From Musicals to Modes of Transportation… by hcj


									                       Read Between the Lines…
      How a British Columbia School Project is Capturing National

(Burnaby, British Columbia – October 6, 2009) – Drama, intrigue and gripping
storylines were all in the mix for students at Gilpin Elementary, as they put pen to paper
on a novel project that has launched them into the national spotlight. Susan Yip’s Grades
3 and 4 students, along with the support of district advanced learning teacher Laura
Shantz, set out to publish a newspaper article on a local First Nation known as the Sto:lo
people. Under the premise that they are editors of the newspaper that has published an
inaccurate story on the Sto:lo people students are challenged to find out the facts and
correct the myths and misinformation. These enterprising young reporters then worked
their historical beat and aired a television news broadcast, published a rewritten story and
created a museum display which was presented to all parents and the school.

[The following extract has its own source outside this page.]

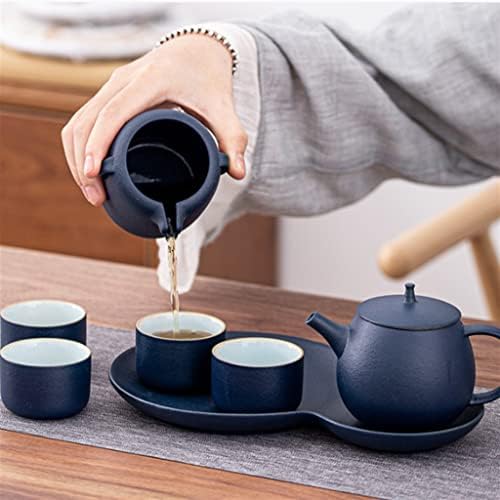 Cxdtbh керамички прием чај за прибирање јапонски стил кунг фу чај сет чајник за чај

For this exemplary teaching concept, Canada’s National History Society has
selected Susan Yip and Laura Shantz as two of twenty-five finalists for the 2009
Governor General’s Awards for Excellence in Teaching Canadian History.

Now in its 14th year, the Awards recognize the outstanding contributions of Canada’s
history teachers, ranging from elementary grades through to secondary schools. Deborah
Morrison, CEO and President of Canada’s National History Society says, “At a time
when teachers are frequently criticized for what they aren’t doing right in the classroom,
we take pride in reminding Canadians of the many teachers whose creativity and
dedication are transforming both the history classroom and how our children discover our
history.” Morrison adds, “These exemplary teachers merit celebration, and we hope that
by sharing their techniques with others, how history is taught in our schools will continue
to improve, and even more young Canadians will look forward to their studies.”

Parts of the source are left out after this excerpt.